▶ [Problem requirements]
An exact copy of all the data is needed, with every picture left out.

▶ [Data block]
**********

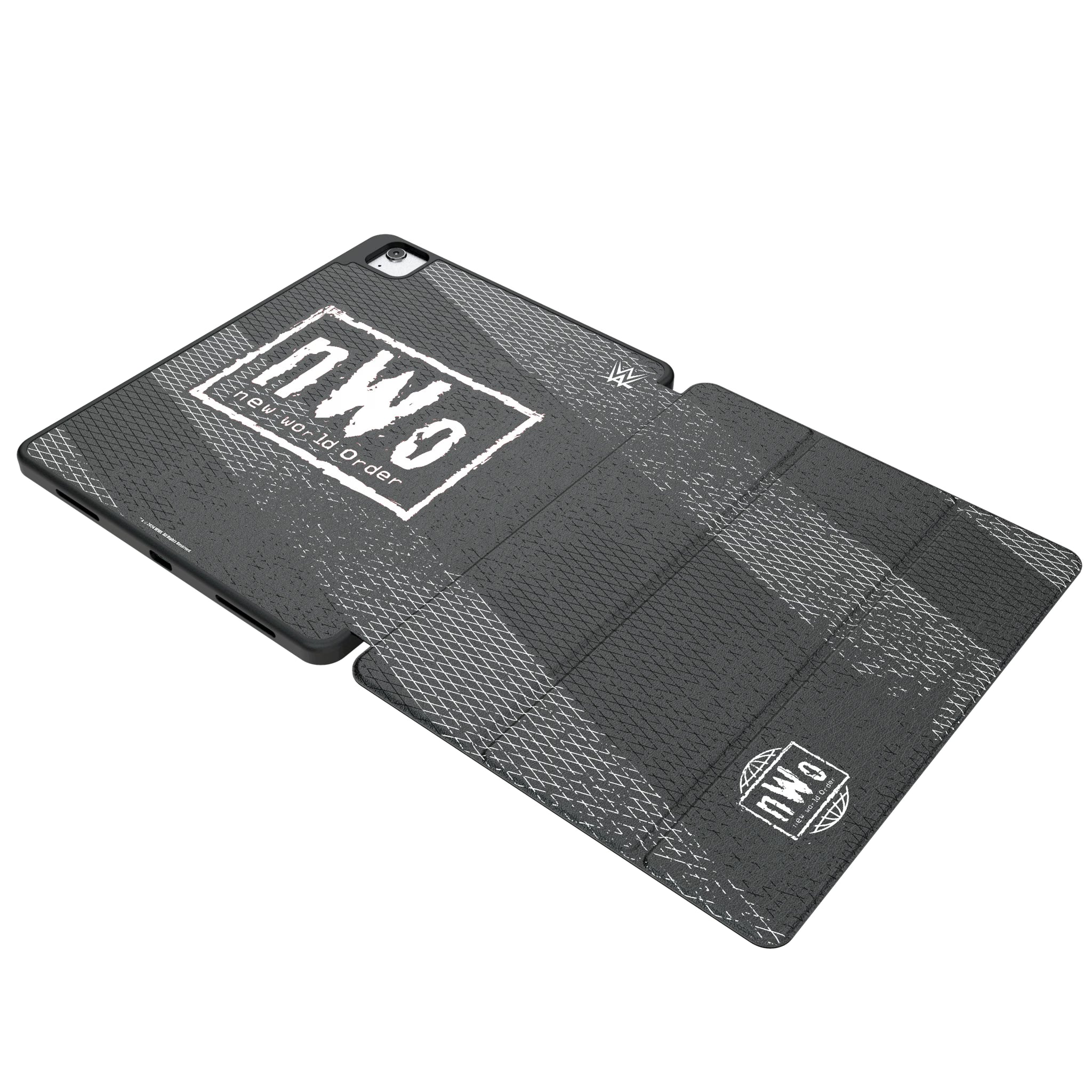New World Order Steel iPad Tablet Case for Apple iPad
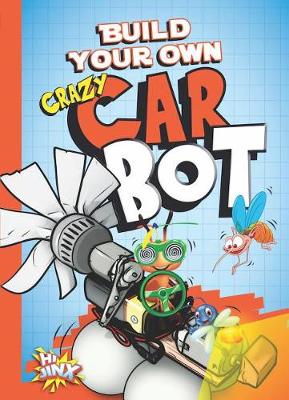 Book cover for Byo Crazy Car Bot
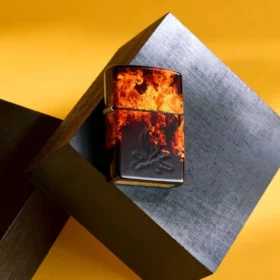 Fusion Inferno Tasarımı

**********

▶ [Answer to this problem]
New World Order Steel iPad Tablet Case for Apple iPad
 Book cover for Byo Crazy Car Bot
 Fusion Inferno Tasarımı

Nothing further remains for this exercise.